There is a lot to do at the Dunes, including Hiking trails, sandboarding, horseback riding, nature watching, and much more. We would recommend a full day, if not two, to explore this area. Alamosa, 30 miles to the Southwest, was an excellent place to park for this visit. Although there are closer areas to the dunes to camp, Alamosa had the amenities we were looking for as RVers.
For more information see: Great Sand Dunes National Park via National Park Service
Creede & the Colorado Historic Mining District - Rio Grande Adventure
Near the headwaters of the Rio Grande, west of the San Luis Valley, Creede is the town that just wouldn't give up.
The Upper Rio Grande Valley had long played a part in the lives of indigenous peoples, including the Ute tribe, who transversed the San Juan Mountains based on the season, moving to the valleys in the winter and the high country in the Summer.
Another attraction for the Natives of Southwest Colorado was the hot springs at what is now known as Wagon Wheel Gap, less than ten miles downriver from where Creede would be established. It was there that settlers began farming as early as 1840. By the 1870s, stage stations connecting mining camps over the Divide with the East further increased settlement.
Tourism was also on the grow. Books about the American West helped lure Easterners and European immigrants to the region, and the Denver & Rio Grande Railroad was transporting tourists to Wagon Wheel Gap by 1883 with the opening of a depot.
The discovery of a high-grade silver vein by Nicholas C. Creede in 1889 started a great rush that would bring thousands to the area seeking their fortune.

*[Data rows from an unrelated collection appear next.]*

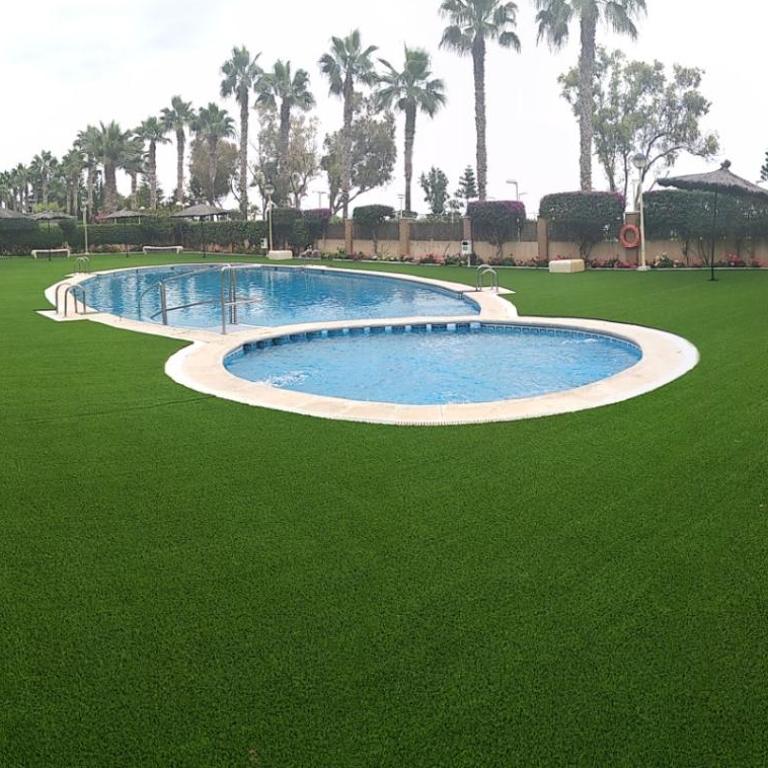 Apartamento 1ª línea de playa VT-35658-CS - Apartamento - 9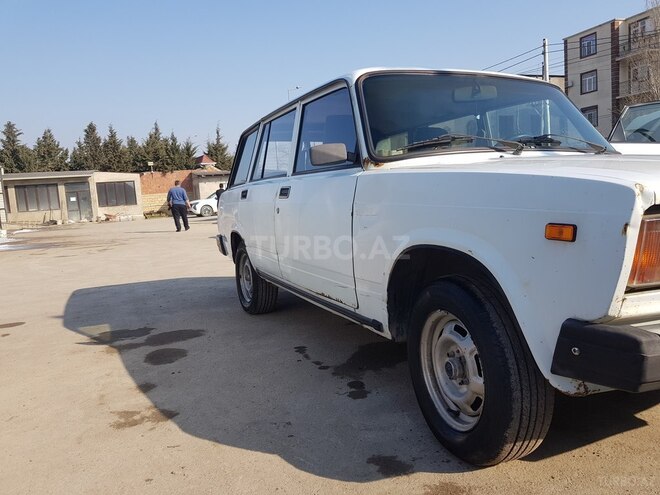 LADA (VAZ) 2104 2006, 64,000 km - 1.6 l - Bakı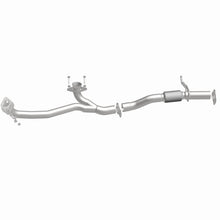 Load image into Gallery viewer, BRExhaust 11-15 Explorer 3.5L Front Pipe Kit - 107-0171
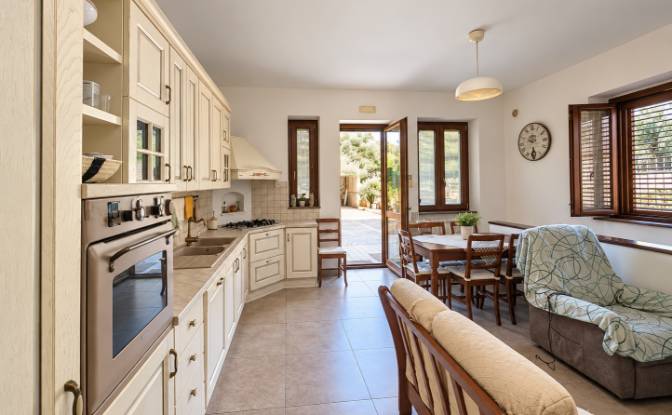Apartment for Sale Via Vincenzo Donadio. Photo#5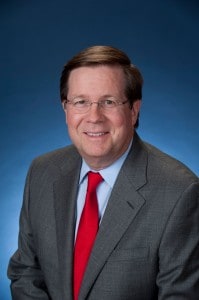 James Lentz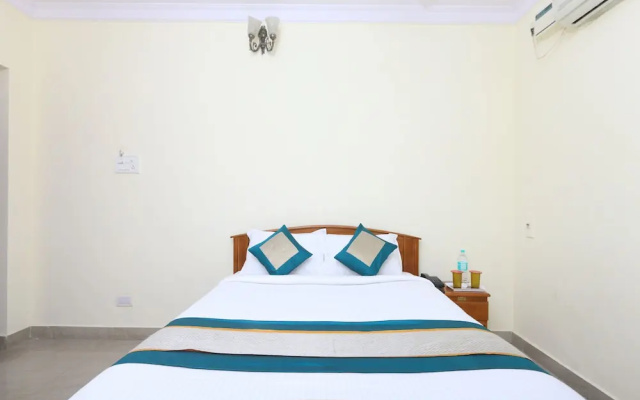 OYO 3192 Day inn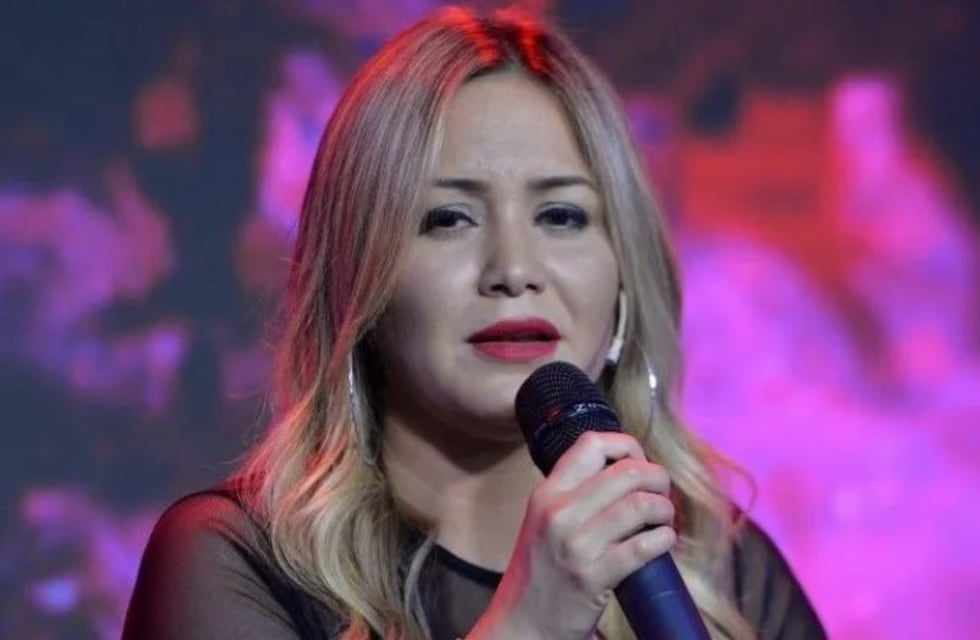 Karina "la Princesita" denunció fraude en la votación del "Súper Bailando"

By 1891, the population in the area of Creede would swell to over 10,000.
The Silver Panic of 1893 shuttered most of the mines, but Creede survived to see a small resurgence in the early 1900s, and through 1966 total production included 58 million troy ounces of silver, plus copper, gold, lead and zinc.
Mining continued until 1985 when the last mine, the Homestake, closed permanently.
Today, Creede has gone back to its tourism roots. City and County leaders began leading efforts to preserve historic buildings and promote the area’s mining history and scenic views. In 1976, the Creede Historical Society was founded, and during the 1980s, the town developed into a vibrant arts community with galleries, theatres, and cultural events.
For history buffs, a journey on the Bachelor Loop Historic Driving Tour tops off your Creede Adventure. Seventeen miles through the historic mining district above Creede, you will experience mining remnants and abandoned camps, tour the Last Chance Mine, and take in the Creede Underground Mining Museum & Community Center adjacent to the loop at the north end of town.
The loop’s route includes 14 interpretive pullouts telling the history of the mining operations and abandoned camps, including Bachelor. The East part of the loop is specified for four-wheel drive vehicles as you go up the steep terrain. However, the Western part of the loop is much easier, and traveling this way allows you to go down the mountains on the rough parts if you can’t make the steep climbs.
For more on the history, see our article Creede Colorado - Silver & Gold on the Rio Grande
While here we stayed at Cool Sunshine RV Park in Alamosa. Its location between the Great Sand Dunes and the Historic Mining District of Creede made this a great place to stay, with plenty of amenities in town. This is a fairly new RV Park, with good wifi, laundry, an outdoor seating area, and more.
The word is that there are seven wagonloads of silver buried by the sand dunes; Don't get your metal detector out though. The dunes are a federal park. Also, a /creek/river flows under the dunes. if you dig down a few feet, you will hit water and you can watch it flow through the hole. Last, there are friendly deer in the camping areas. They have been fed to the point that they are tame.